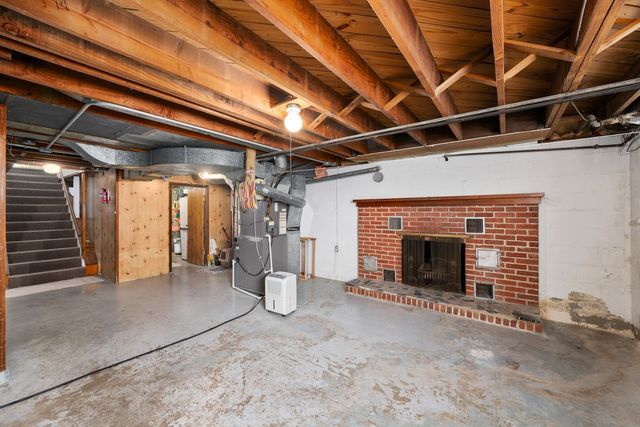 2820 Fair Avenue, Davenport, IA 52803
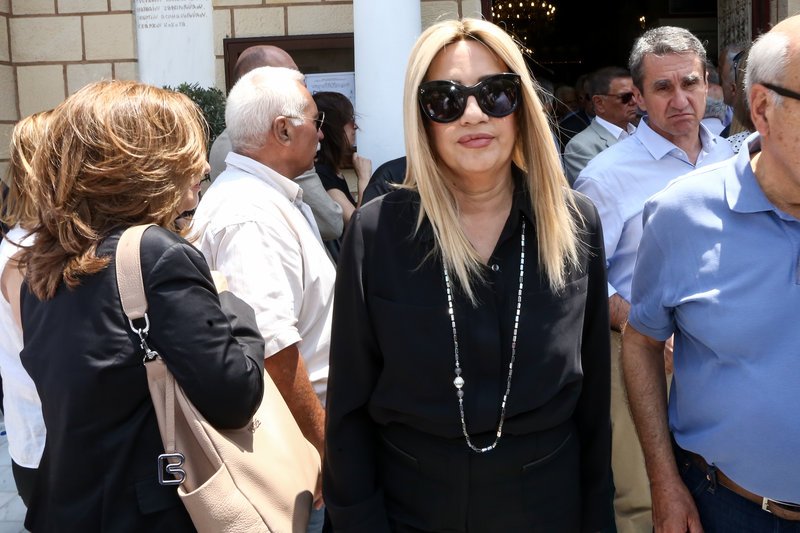 Η Φώφη Γεννηματά στην κηδεία του Ροβέρτου Σπυρόπουλου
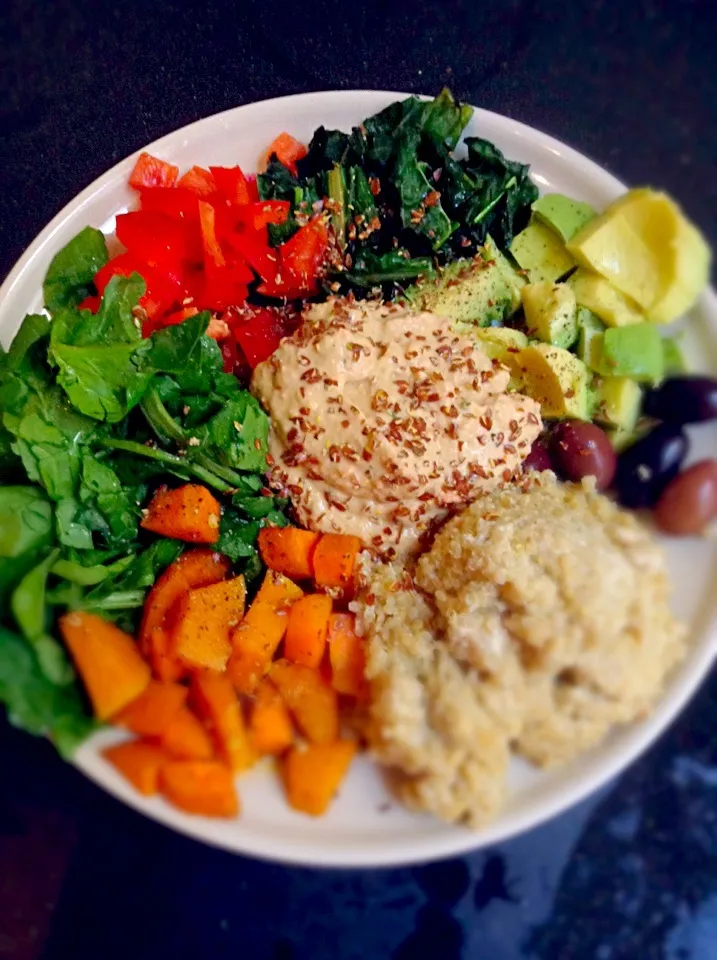 Snapdishの料理写真:Vegetable bowl with hummus and quinoa|Mistaleさん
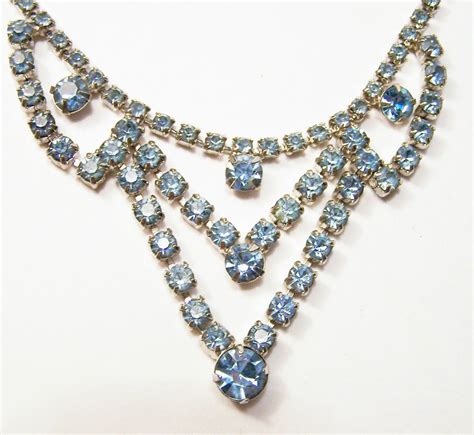 Vintage Pale Blue Rhinestone Necklace Silver Tone Jewelry 615dg Blue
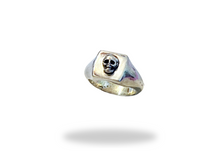 Load image into Gallery viewer, Skull Signet Ring
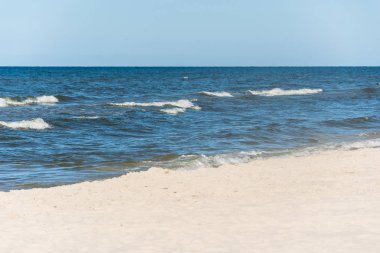 Plaj ve kum tepeleri ve deniz ile bir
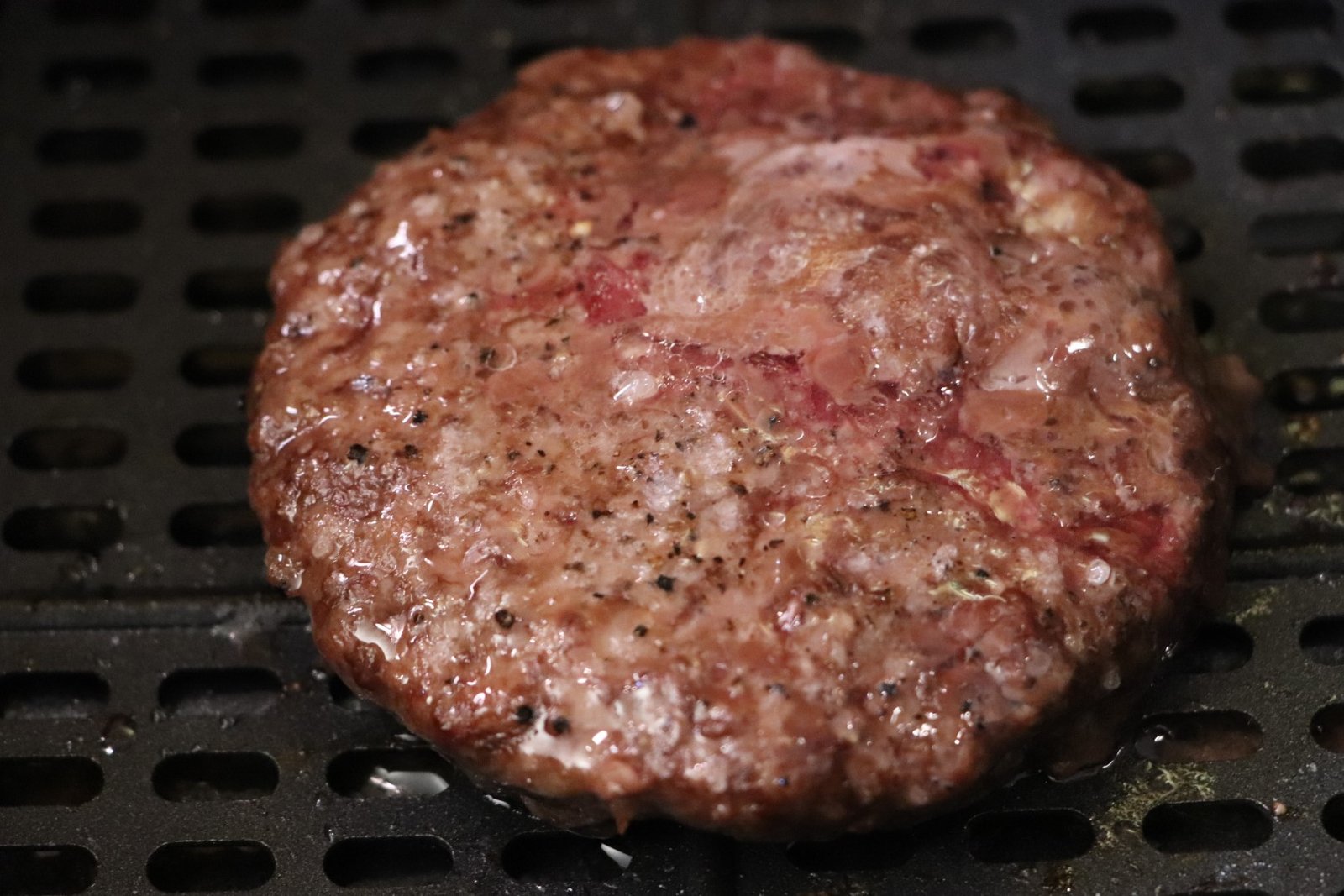 Burger Patty im Airfryer gebacken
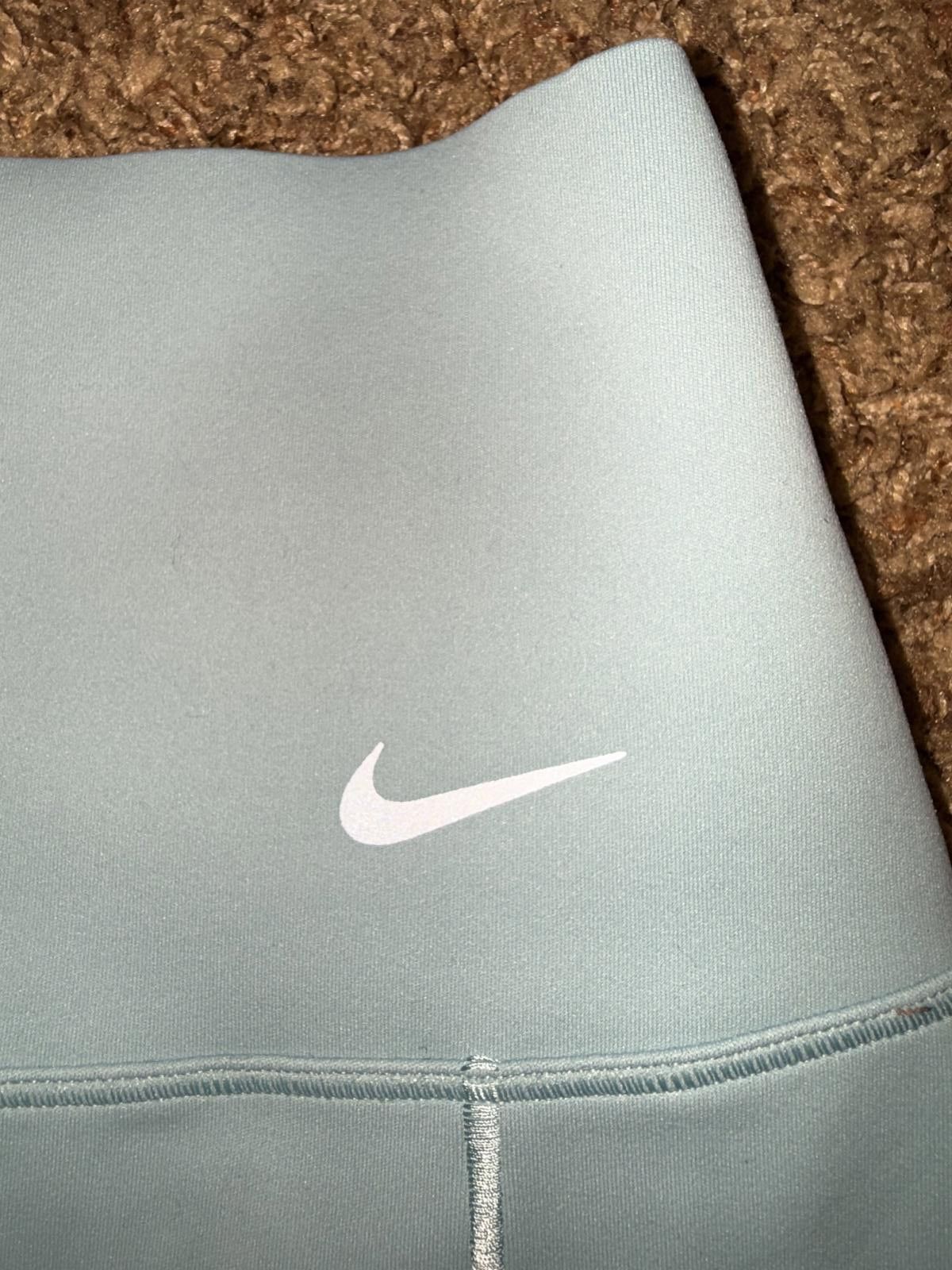 Nike Nike Universa Women's High-Waisted Biker Shorts with Pockets Size 28" / US 6 / IT 42 - 2 Thumbnail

########

▸ About this task
Leave out the pictures and restate, word for word, the lines from the top of the data through the line containing "Load image into", both included.

▸ Reply
 2820 Fair Avenue, Davenport, IA 52803
 Η Φώφη Γεννηματά στην κηδεία του Ροβέρτου Σπυρόπουλου
 Snapdishの料理写真:Vegetable bowl with hummus and quinoa|Mistaleさん
 Vintage Pale Blue Rhinestone Necklace Silver Tone Jewelry 615dg Blue
 Load image into Gallery viewer, Skull Signet Ring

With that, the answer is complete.